China's Bad Investment?

By intervening in the market to keep its currency undervalued, China is lowering the purchasing power of its own consumers. Its trade surplus means that China is accumulating large amounts of foreign assets (what they're getting in return for all that stuff they're sending us), like US Treasury bonds. These assets will depreciate (in Yuan terms) when the Yuan is allowed to rise, so the Chinese government is setting itself up for a huge financial loss. Therefore, Brad Setser asks "Why is China's government trying so hard to hold down China's current living standard?"
The government of China, by contrast, seems determined to keep China poorer than it needs for to be.
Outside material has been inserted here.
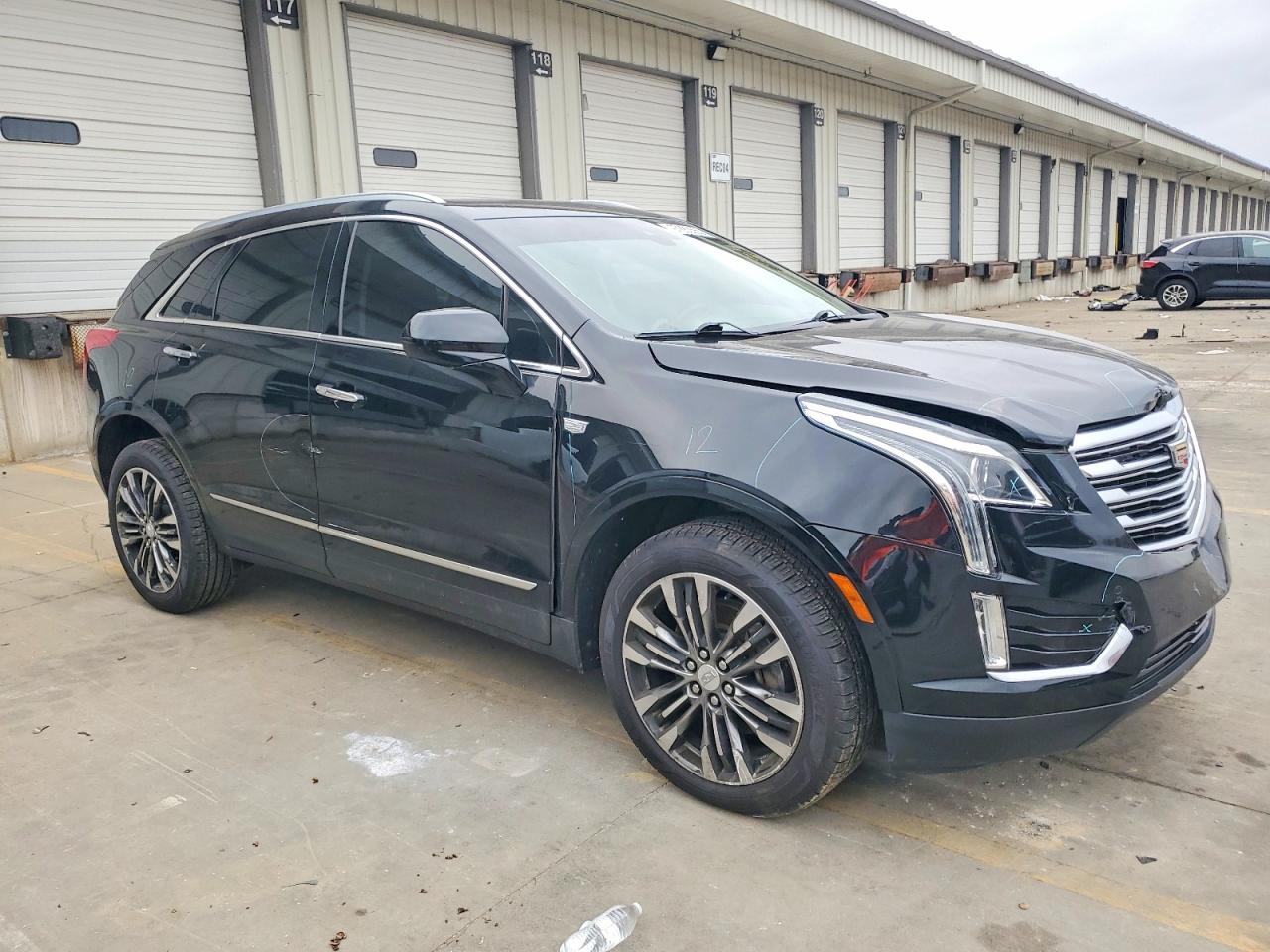 2019 CADILLAC XT5 LUXURY photo 4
After all, the government of China, not the government of the US, actively intervenes in the market every day to hold China’s living standards down – or, if not China’s living standard, certainly the external purchasing power of all those paid in RMB.

....China’s policy of buying dollars (and to a smaller degree euros) also means that China is sinking a growing share of its national wealth into a set of assets that are almost certain to depreciate over time...

China – counting likely flows from Chinese banks as well as flows from the PBoC almost certainly bought about $200b of US debt in 2006. It paid – in RMB terms – a lot for those assets as well: China effectively has a policy of under-pricing its labor and overpaying for its external assets.
His worry is that when the Chinese government realizes the losses on its Dollar-denominated assets a new source of tension with the US will arise:
When the time comes for China to realize the losses that are now accumulating quietly on the PBoC’s balance sheet (and soon on the balance sheet of the state foreign investment company), I doubt China’s leaders will say, “you know, these losses were really incurred years ago, when we decided to sink a lot of Chinese savings into depreciating dollars in order to encourage our export sector and make it attractive for foreign firms to locate investment in China. We shouldn’t blame the US for the fact that China’s investments in the US haven’t done well. We were the ones who over-paid for US assets."
N.B.: "Yuan" and "Renminbi" (RMB) both refer to the same thing - the renminbi is China's currency, and the Yuan is the unit of account; and PBoC is the "People's Bank of China", their central bank.